▶ **TASK PROMPT**: Everything from the line with "17581 Allegheny Drive, North" to the line with "Laptop Apple MacBook" in the listing below, both lines included, needs to be copied exactly, apart from the pictures.

▶ **AVAILABLE DATA**:
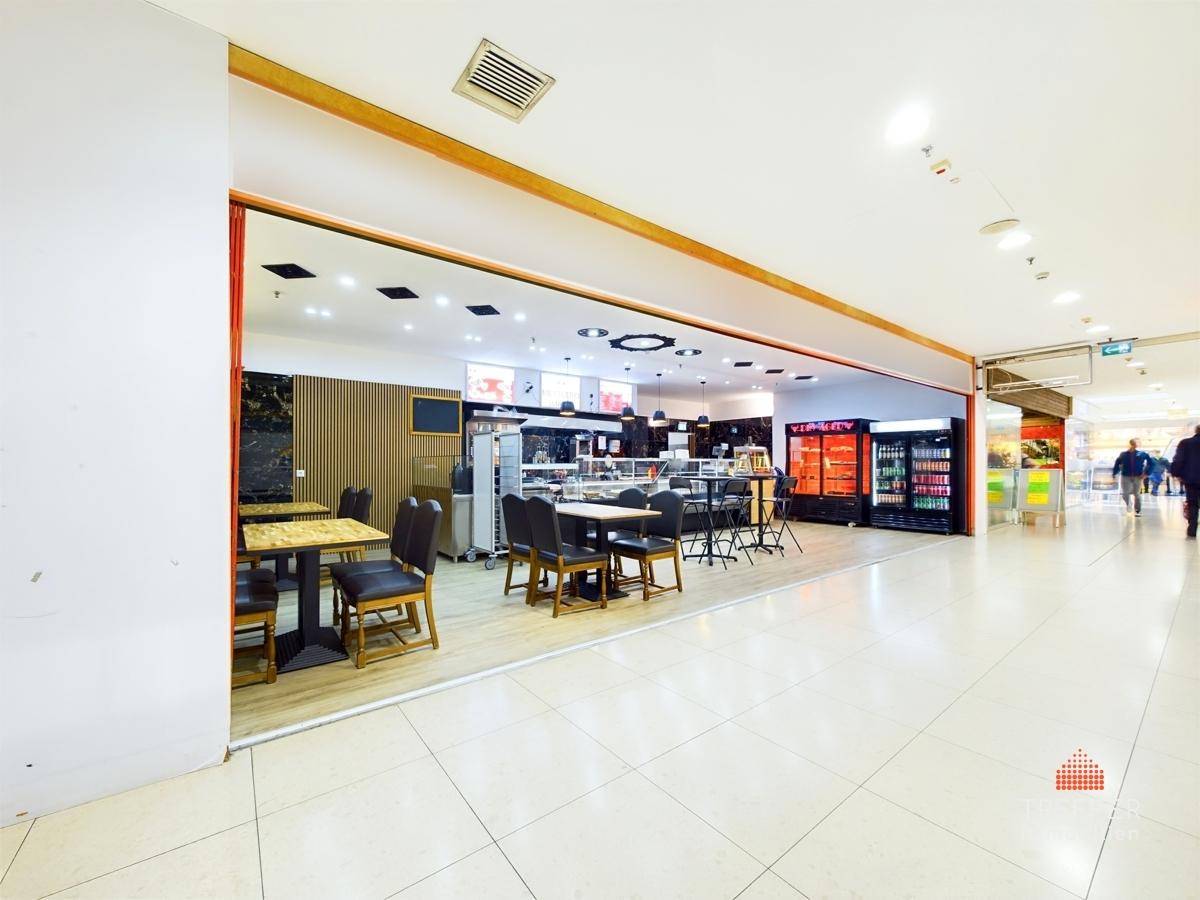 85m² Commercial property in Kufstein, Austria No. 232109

...

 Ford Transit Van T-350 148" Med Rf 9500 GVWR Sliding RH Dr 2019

* * *

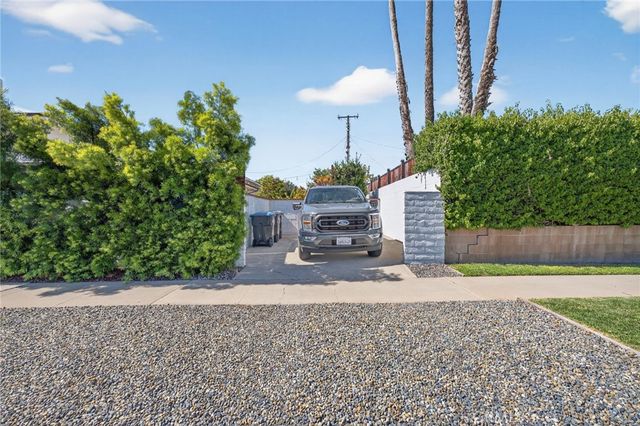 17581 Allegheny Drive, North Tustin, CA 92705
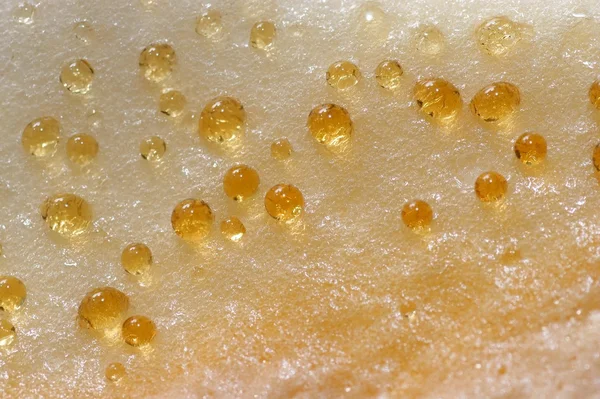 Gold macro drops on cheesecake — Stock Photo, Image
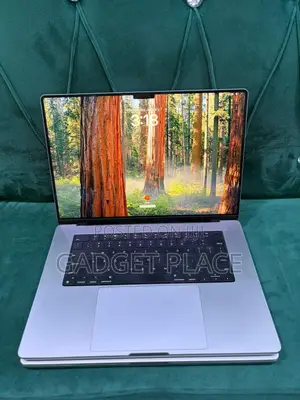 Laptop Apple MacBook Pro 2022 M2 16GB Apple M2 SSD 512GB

▶ **RESPONSE AREA**:
 17581 Allegheny Drive, North Tustin, CA 92705
 Gold macro drops on cheesecake — Stock Photo, Image
 Laptop Apple MacBook Pro 2022 M2 16GB Apple M2 SSD 512GB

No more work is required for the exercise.